Congratulations to our dear friend and long term collaborators  Sir Richard J. Roberts for being selected to the US National Academy of Sciences. Of course, Rich received numerous awards and recognition including a Nobel.

 

 

Congratulations to Brian Haas on his paper in Cell Reports Methods.  The paper introduces the novel concept of inspectors.

 

Professor Simon Kasif is on long sabbatical. Expect delays in communication.  We continue our efforts to bridge AI, Biology and Medicine.  With an emphasis on radical or early innovation.   We obviously continue to consult to applied projects in the space  of AI, Computational Biology, Bioinformatics, Machine Learning and Biotechnology and advise companies or institutions in a BROAD range of AI2BIOMED.

 

We lost Bill Russell.  I don’t track any specific team in the NBA but I follow players that made a difference, changed the game and/or showcased broader views that touch all of us.  Examples include Michael Jordan, Julius Irving, Kareem Abdul-Jabbar, Magic Johnson, Steph Curry and of course Bill Russell. 

Most people remember him for his role in 11 championships.  Others remember him for his role in changing the game of basketball and his strong stance against racism.

 

Congratulations to Adam Phillippy for being selected for Time 100 Person of the Year

This work by Adam and his collaborators is just great science: fundamental, ambitious and what a service to the broader community!  It also showcases an intellectual transformation manifested by computational scientists co-leading major genomic efforts – not “just” method development. It follows decades of computational scientists such as Charles Delisi starting the human genome project, Aviv Regev co-leading the human Cell Atlas (and more) and Tarjei Mikkelsen co-leading the first draft of the Chimp Genome paper.  All three are among our closest collaborators and I cannot be more proud of their accomplishments.
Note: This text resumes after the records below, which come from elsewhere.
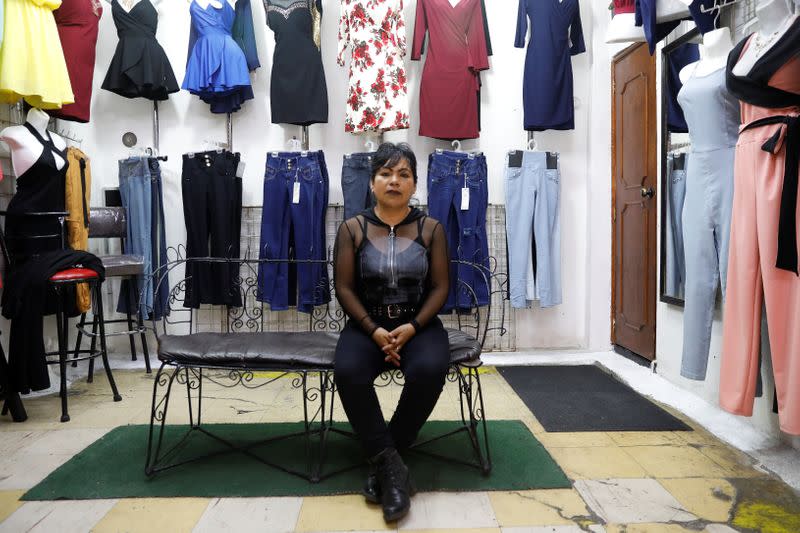 Maria Guadalupe, 45, poses for a photo inside a clothes shop in Ecatepec, State of Mexico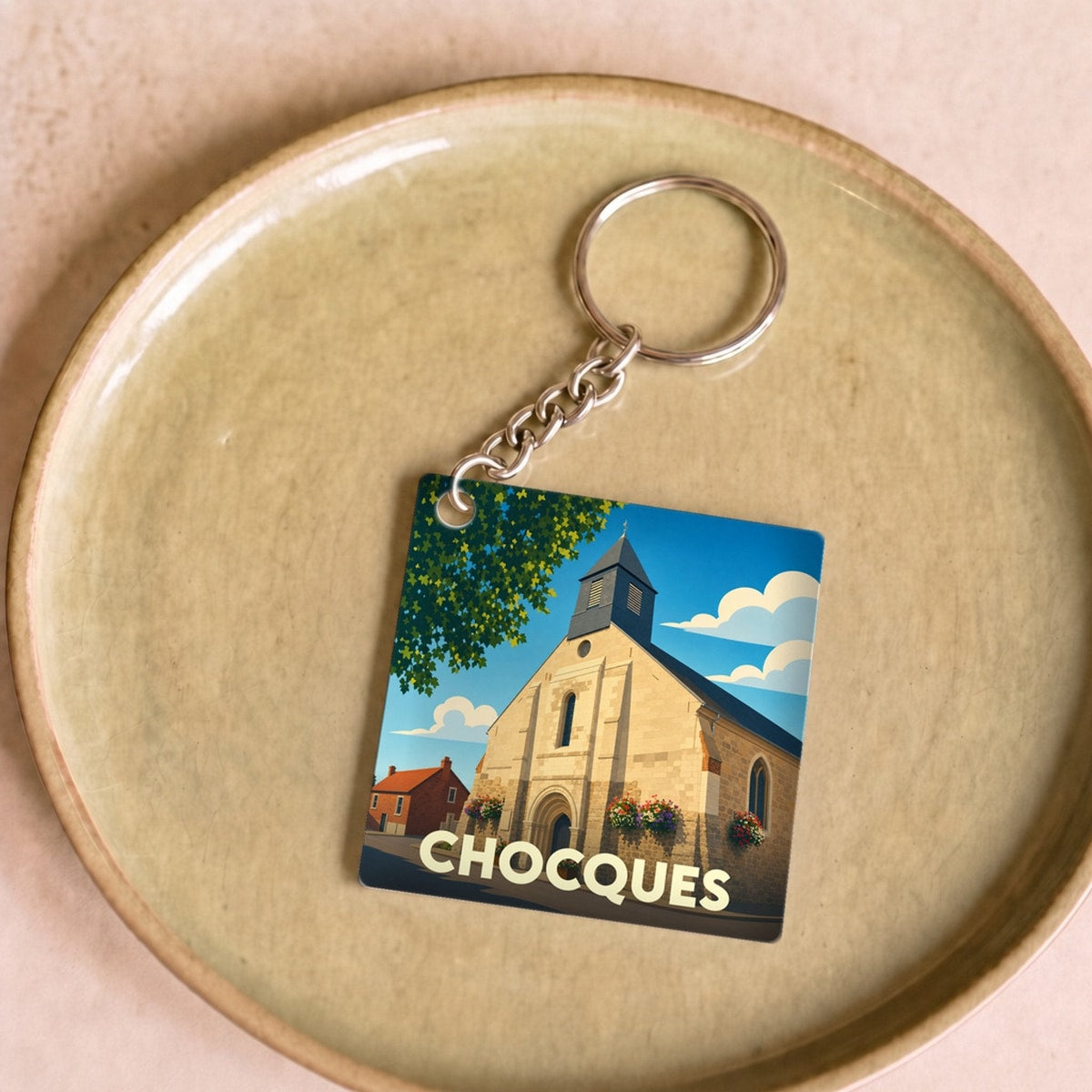 Porte-clés souvenir de la ville de Chocques avec une illustration stylisée de son église.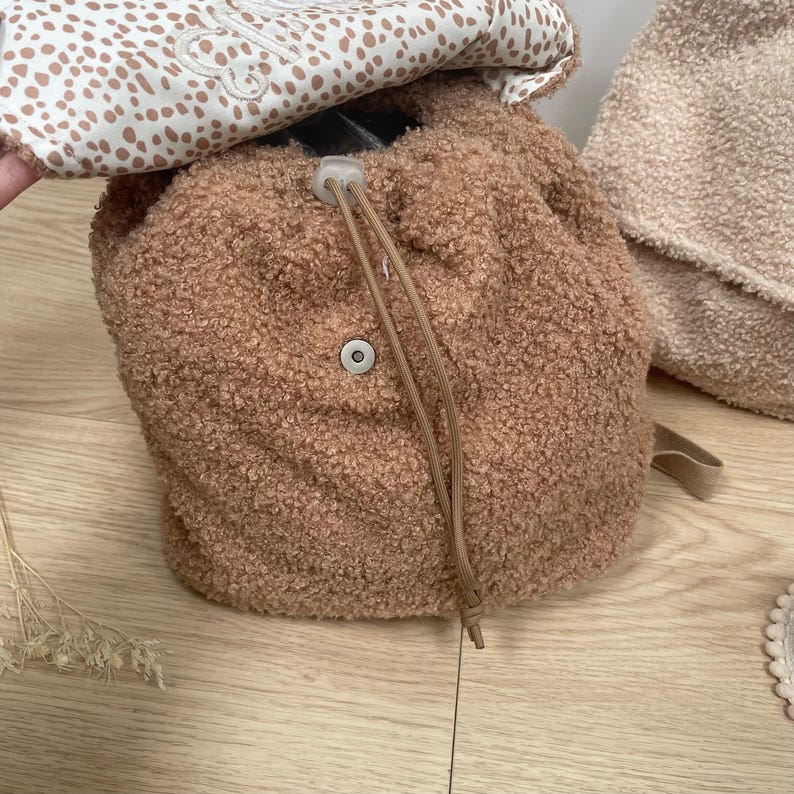 May include: A brown faux fur backpack with a drawstring closure and a white button. The backpack has a white and brown patterned lining.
But there are so many others including computational scientists or engineers doing deep biology or biotechnology.  Not to mention the computational work that enables transformative discovery and invention such as Koonin  & Makarova et al and others.

We are seeing a real convergence of biological and computational sciences of remarkable future significance.  AI will just make it converge faster and with higher impact. 20+ years ago many speculated that biology would become an “information science”.  Many of us felt (even then) that this is not the most ambitious or imaginative vision of the genomic revolution.   We were naive but right :)

 

Our colleague and collaborator Charles DeLisi does not rest on his laurels. He just organized a transformative workshop proposing a focus on synthetic biology for climate change.

 

Congratulations to Jeff Law, T.M. Murali, Catherine Della Santina and all the collaborators (including multiple people at  VT, BU, UCLA, etc) on their publication of drug repositioning targets for covid-19 using interpretable network propagation

 

Congratulations to Jonathan Dreyfuss and ME Patti at Joslin Diabetes Center at Harvard Med on the Nature Communication paper. This causality effort started many years ago (joint BU/Harvard) but was completed and published with a heroric effort by ME Patti (her lab) and Jonathan Dreyfuss both at Joslin Diabetes Center. 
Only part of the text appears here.